If you want to include raw data files (e.g `.csv`, shapefiles, etc.) there are generally placed in `inst/` (or a nested forlder) so that they are installed with the package.

* Accessed using `system.file("dir", package = "package")` after install

* Use folders to keep things organized, Hadley recommends and uses `inst/extdata/` 

* Example [sf](https://github.com/r-spatial/sf/tree/master/inst)


# Package checking

## `R CMD check`

Last time we saw the usage of `R CMD check`, or rather `Build > Check Package` from within RStudio.

This is a good idea to run regularly to make sure nothing is broken and you are meeting the important package quality standards, but this only in the context of your machine, your version of R, your OS, and so on.

If using GitHub it is highly recommended that you run `usethis::use_github_action_check_standard()` to enable GitHub actions checks of the package each time it is pushed.

On each push this runs R CMD check on:
  * Latest R on MacOS, Windows, Linux (Ubuntu)
  * Previous and devel version of R on Linux (Ubuntu)


# Package vigenette


## Vignette

Long form documentation for your package that live in `vignette/`, use `browseVignette(pkg)` to see a package's vignettes.

* Not required, but adds a lot of value to a package

* Generally these are literate documents (`.Rmd`, `.Rnw`) that are compiled to `.html` or `.pdf` when the package is built. 

* Built packages retain the rendered document, the source document, and all source code

  * `vignette("colwise", package = "dplyr")` opens rendered version

  * `edit(vignette("colwise", package = "dplyr"))` opens code chunks

* Use `usethis::use_vignette()` to create a RMarkdown vignette template


## Articles

These are an un-official extension to vignettes where package authors wish to include additional long form documentation that is included in their `pkgdown` site but not in the package (usually for space reasons).

* Use `usethis::use_article()` to create

* Files are added to `vignette/articles/` which is added to `.Rbuildignore`


# Package testing


## Basic test structure 

Package tests live in `tests/`, 

* Any R scripts found in the folder will be run when Checking the package (not Building)

* Generally tests fail on errors, but warnings are also tracked

* Testing is possible via base R, including comparison of output vs. a file but it is not recommended (See [Writing R Extensions](https://cran.r-project.org/doc/manuals/r-release/R-exts.html#Package-subdirectories))

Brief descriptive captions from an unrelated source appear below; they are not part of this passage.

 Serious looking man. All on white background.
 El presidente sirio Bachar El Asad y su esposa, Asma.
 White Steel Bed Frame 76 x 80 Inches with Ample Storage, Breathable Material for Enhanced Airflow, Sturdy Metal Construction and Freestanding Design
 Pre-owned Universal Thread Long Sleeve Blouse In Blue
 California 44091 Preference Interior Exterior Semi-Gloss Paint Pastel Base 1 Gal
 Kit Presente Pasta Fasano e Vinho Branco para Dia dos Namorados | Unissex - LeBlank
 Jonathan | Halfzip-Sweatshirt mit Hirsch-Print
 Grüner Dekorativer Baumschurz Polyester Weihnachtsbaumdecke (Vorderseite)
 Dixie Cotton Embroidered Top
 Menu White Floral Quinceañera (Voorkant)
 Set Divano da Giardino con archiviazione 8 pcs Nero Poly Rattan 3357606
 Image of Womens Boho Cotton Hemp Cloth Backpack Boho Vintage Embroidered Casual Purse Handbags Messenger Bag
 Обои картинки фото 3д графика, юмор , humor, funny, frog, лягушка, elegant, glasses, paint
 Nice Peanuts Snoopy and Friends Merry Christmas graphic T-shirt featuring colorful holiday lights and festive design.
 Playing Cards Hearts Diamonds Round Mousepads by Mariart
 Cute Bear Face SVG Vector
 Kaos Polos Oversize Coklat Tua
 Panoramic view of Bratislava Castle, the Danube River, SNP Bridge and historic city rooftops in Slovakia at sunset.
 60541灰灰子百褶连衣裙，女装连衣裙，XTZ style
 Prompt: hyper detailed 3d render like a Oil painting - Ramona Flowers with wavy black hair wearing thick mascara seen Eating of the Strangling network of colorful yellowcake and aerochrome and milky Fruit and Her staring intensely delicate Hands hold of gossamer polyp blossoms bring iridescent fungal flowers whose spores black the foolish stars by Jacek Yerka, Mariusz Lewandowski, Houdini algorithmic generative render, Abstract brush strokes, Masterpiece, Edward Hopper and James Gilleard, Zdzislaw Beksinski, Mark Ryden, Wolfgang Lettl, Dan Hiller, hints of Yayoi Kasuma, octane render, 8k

* Note that R CMD check also runs all documentation examples (unless explicitly tagged dont run) - which can be used for basic testing

##

![](imgs/hex_testthat.png){fig-align="center" width="40%"}

## testthat basics

Not the only option but probably the most widely used and with the best integration into RStudio.

Can be initialized in your project via `usethis::use_testthat()` which creates `tests/testthat/` and some basic scaffolding.

* `test/testthat.R` is what is run by R CMD Check and runs your other tests - handles some basic config like loading package(s)

* Test scripts go in `tests/testthat/` and should start with `test_`, suffix is usually the file in `R/` that is being tested. 


::: {.aside}
`usethis::use_testthat()` has an edition argument, this is a way of maintaining backwards compatibility, generally always use the latest edition if starting a new project
:::


## testthat script structure

From the bottom up,

* a single test is written as an expectation (e.q. `expect_equal()`, `expect_error()`, etc.)

* multiple related expectations are combined into a test group (`test_that()`), which provides
  * a human readable name and
  * local scope to contain the expectations and any temporary objects
  
* multiple test groups are combined into a file


# Package publishing

![](imgs/hex_pkgdown.png){fig-align="center" width="40%"}

## CRAN

More details than we can get into today, but see the the Release a package chapter of R Pkgs for more details.

* `devtools::release()` will take you through a number of basic checks and if everything is good upload your package to the submission queue of CRAN.